2. Die Beantwortung dieser Rechtsfrage ist auch entscheidungserheblich im Sinne der vorstehend genannten Vorschrift. Nach Auffassung der Kammer ist die auf Eigenbedarf gestützte Kündigung der Klägerin v. 27. 12. 1993 formell wirksam und der Eigenbedarf schlüssig vorgetragen. Insbesondere ist insoweit auch - unter gebotener Berücksichtigung der entsprechenden verfassungsgerichtlichen Rechtsprechung (vgl. z. B. BVerfG NJW 1992, 1877 (=WM 1993, 233) m. w. N.) - dem Begründungserfordernis des § 564 b Abs. 3 BGB Genüge getan.
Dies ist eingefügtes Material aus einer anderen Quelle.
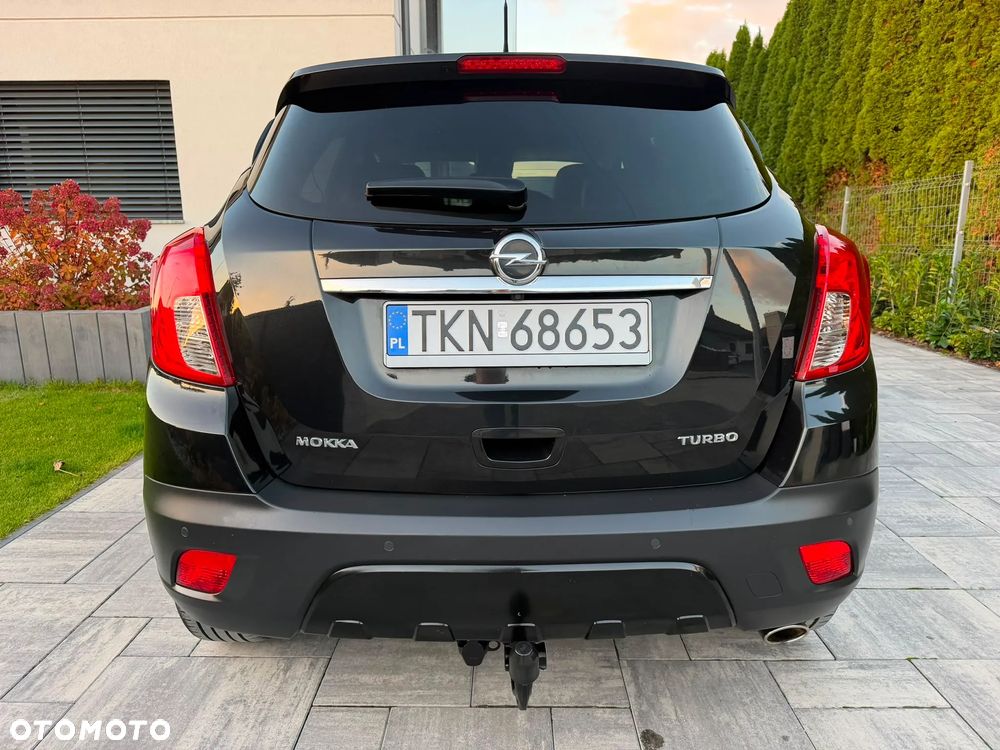 Opel Mokka 1.4 Turbo ecoFLEX Start/Stop Innovation - 38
Da der geltend gemachte Eigenbedarf von der Beklagten substantiiert bestritten wird, hätte die Kammer zunächst Beweis über die Frage des Eigenbedarfs zu erheben.
Sollte demgegenüber das Sozialklauselgesetz auf den vorliegenden Fall Anwendung finden, wäre die Sache entscheidungsreif und die Berufung zurückzuweisen.
3. Die Kammer beabsichtigt, das amtsgerichtliche Urteil einschließlich dessen Begründung zu bestätigen und die Berufung der Klägerin zurückzuweisen, sieht sich aber dar...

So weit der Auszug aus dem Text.